Sen. Bob Graham (D.-Fla.), chairman of the Senate Intelligence Committee, told HUMAN EVENTS May 21 that his committee had received all the same terrorism intelligence prior to September 11 as the Bush administration.

"Yes, we had seen all the information," said Graham. "But we didn't see it on a single piece of paper, the way the President did."

Graham added that threats of hijacking in an August 6 memo to President Bush were based on very old intelligence that the committee had seen earlier. "The particular report that was in the President's Daily Briefing that day was about three years old," Graham said. "It was not a contemporary piece of information."

Graham's comments contradicted combative statements made recently by the Democratic congressional leadership, and confirmed White House assertions that the only specific threats of al Qaeda hijackings known to the President before September 11 came from a memo dating back to the Clinton Administration.

'Not Surprised'

A leak to CBS News of some pre-September-11 warnings given to the President in August occasioned fierce political attacks on Bush beginning May 15--even though the basic content of the leaks had long been known. As early as September 18, CNN had already reported that administration officials admitted to being aware of vague threats against U.S. targets before September 11. Also, a publicly available 1995 government report had even warned that terrorists could use airplanes in suicide attacks.

Still, Senate Majority Leader Tom Daschle (D.-S.D.) and House Minority Leader Dick Gephardt (D.-Mo.) both made public statements attempting to stoke a scandal on the supposition that Bush withheld vital intelligence from Congress both before and after September 11. Both Democrats strongly implied that Bush sat on information that could possibly have been used to prevent the terrorist attacks of September 11.

"I'm gravely concerned that the President received a warning in August about the threat of hijackers by Osama bin Laden and his organization," said Daschle. "Why was it not provided to us, and why was it not shared with the general public for the last eight months?"

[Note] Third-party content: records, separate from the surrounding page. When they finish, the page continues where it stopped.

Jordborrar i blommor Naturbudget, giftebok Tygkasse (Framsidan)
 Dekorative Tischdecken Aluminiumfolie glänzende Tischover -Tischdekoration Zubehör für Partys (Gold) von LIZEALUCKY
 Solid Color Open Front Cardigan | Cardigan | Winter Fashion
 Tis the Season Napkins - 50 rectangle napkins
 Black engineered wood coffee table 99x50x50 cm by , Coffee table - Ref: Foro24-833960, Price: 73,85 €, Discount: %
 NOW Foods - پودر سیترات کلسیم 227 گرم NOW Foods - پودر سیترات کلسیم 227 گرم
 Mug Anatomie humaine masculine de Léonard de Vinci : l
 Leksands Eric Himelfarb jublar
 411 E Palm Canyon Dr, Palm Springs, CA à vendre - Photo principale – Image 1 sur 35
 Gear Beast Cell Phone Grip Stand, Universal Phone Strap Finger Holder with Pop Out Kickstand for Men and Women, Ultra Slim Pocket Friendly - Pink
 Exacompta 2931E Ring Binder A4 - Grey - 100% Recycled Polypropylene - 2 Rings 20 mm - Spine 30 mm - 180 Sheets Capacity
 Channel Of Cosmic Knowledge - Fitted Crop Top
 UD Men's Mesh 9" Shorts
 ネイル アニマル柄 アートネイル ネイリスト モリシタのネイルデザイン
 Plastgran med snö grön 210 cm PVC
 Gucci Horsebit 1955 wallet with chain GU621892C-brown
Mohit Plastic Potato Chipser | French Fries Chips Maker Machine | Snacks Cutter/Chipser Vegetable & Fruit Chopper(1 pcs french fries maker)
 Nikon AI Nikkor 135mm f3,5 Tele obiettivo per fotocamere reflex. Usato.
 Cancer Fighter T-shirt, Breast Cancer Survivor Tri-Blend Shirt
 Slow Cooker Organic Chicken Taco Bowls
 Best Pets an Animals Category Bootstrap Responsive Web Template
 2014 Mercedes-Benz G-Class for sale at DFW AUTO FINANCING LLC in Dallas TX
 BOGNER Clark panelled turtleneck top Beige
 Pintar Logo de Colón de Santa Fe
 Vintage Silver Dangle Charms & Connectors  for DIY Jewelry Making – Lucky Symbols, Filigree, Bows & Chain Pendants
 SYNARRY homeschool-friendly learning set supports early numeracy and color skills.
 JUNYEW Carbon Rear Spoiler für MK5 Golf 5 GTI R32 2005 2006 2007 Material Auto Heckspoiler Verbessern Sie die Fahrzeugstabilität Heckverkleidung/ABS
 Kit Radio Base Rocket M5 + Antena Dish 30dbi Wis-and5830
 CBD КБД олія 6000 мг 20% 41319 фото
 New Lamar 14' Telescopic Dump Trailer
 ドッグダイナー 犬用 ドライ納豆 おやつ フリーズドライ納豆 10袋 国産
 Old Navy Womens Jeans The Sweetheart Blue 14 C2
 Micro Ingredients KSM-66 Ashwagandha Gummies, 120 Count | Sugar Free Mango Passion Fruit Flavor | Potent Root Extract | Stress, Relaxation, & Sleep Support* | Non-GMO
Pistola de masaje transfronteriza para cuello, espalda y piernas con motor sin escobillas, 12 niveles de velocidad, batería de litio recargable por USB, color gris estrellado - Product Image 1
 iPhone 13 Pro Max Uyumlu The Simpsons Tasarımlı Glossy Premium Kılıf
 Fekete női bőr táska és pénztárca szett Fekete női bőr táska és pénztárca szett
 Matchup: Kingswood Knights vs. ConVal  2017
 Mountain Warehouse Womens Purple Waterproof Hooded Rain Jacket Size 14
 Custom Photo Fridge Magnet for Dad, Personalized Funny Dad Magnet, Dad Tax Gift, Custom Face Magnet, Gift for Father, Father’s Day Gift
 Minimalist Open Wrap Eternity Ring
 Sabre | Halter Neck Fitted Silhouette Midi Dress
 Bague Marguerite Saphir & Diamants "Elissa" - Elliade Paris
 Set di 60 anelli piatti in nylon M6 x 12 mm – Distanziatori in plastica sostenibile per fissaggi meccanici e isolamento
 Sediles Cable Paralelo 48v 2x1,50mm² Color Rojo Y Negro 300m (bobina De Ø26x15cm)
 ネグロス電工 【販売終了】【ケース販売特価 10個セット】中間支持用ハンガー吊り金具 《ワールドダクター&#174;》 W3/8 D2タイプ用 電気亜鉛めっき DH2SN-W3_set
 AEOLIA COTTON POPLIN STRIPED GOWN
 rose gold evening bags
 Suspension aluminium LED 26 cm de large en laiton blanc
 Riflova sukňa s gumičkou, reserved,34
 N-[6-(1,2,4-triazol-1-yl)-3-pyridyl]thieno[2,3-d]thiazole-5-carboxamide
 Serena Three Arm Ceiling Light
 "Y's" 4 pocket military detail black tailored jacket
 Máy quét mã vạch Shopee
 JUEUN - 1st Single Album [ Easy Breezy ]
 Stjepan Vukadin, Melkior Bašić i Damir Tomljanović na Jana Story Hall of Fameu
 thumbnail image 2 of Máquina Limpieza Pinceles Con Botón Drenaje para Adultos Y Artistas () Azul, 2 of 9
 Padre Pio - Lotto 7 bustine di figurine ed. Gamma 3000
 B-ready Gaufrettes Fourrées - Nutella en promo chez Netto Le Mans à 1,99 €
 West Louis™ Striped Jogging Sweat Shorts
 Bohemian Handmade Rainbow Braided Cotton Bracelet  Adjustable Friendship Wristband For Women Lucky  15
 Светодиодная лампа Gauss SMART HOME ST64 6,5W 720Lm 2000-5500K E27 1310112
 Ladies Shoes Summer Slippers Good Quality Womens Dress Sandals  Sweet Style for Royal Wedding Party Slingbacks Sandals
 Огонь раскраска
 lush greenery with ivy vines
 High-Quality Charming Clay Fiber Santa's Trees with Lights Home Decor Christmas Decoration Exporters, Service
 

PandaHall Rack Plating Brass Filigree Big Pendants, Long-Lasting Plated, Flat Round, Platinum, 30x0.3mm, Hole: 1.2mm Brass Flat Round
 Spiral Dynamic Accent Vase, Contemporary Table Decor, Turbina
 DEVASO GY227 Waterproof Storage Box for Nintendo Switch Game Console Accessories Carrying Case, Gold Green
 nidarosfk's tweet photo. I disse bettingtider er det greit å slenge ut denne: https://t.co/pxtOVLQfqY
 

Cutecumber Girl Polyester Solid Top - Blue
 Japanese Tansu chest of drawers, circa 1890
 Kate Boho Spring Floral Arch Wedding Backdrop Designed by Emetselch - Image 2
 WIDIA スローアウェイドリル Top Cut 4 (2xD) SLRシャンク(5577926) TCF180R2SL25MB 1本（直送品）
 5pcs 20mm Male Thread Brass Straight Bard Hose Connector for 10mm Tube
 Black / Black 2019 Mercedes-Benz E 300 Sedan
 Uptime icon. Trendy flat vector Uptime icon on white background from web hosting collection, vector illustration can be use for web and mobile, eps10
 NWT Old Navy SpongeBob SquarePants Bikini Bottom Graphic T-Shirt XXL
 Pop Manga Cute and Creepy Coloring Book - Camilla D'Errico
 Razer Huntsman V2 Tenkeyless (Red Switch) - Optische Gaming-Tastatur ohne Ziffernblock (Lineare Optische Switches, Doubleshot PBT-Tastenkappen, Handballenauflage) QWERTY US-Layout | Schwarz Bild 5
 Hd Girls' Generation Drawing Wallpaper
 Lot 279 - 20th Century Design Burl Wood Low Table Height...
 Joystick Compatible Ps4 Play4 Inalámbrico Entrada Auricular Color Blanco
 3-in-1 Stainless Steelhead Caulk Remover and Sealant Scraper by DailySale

Daschle also asserted that Congress did not have the same information as the White House--implying that the White House alone was to blame for not acting on the information. "I think it is important to emphasize we did not have identical information," he said in a May 16 news conference, in clear contradiction with Graham's statements to HUMAN EVENTS.

On May 22, Daschle again accused Bush of hoarding information, even trying to blame him for the FBI's intelligence failure of September 11. "There is an increasing pattern that I find in this administration that reflects an unwillingness to share information not only with us but within their own administration," he told reporters.

Gephardt also implied that the administration was blameworthy for its handling of the intelligence reports. "The reports are disturbing that we are finding this out now," he said. Invoking language of the Watergate era, he continued, "I think what we have to do now is to find out what the President, what the White House knew about the events leading up to 9-11, when they knew it and, most importantly, what was done about it at that time." Gephardt also stated that Congress had not received the same intelligence as the White House.

Asked by HUMAN EVENTS on May 22 whether Sen. Graham's statement changed his view, Gephardt responded with a simple "No" before retreating into the House chamber. Again, the following day, Kori Bernards, a spokeswoman for Gephardt, declined to comment for the record on Graham's statement.

Other Democrats sensed a political opportunity and went on the attack. Sen. Hillary Clinton (D.-N.Y.) addressed the Senate waving a copy of the New York Post with a characteristically large and sensational headline, "Bush Knew." "The President knew what?" she asked.

Others, including Sen. Dick Durbin (D.-Ill.), Rep. Jerrold Nadler (D.-N.Y.) and Rep. Robert Wexler (D.-Fla.) strongly denounced the President's conduct in public spoken or written statements.

But as early as May 16, it had already emerged that most of the information in Bush's August 6 Presidential Daily Briefing--an official intelligence document--had in fact been given to the congressional committees in the form of the Senior Executive Intelligence Digest (SEID), a more widely published classified document.

"Mr. Gephardt said that we didn't have information," said Rep. Porter Goss (R.-Fla.), chairman of the House Intelligence Committee, on May 16. "In fact we do have it. And it's just apparently that Mr. Gephardt didn't know about it."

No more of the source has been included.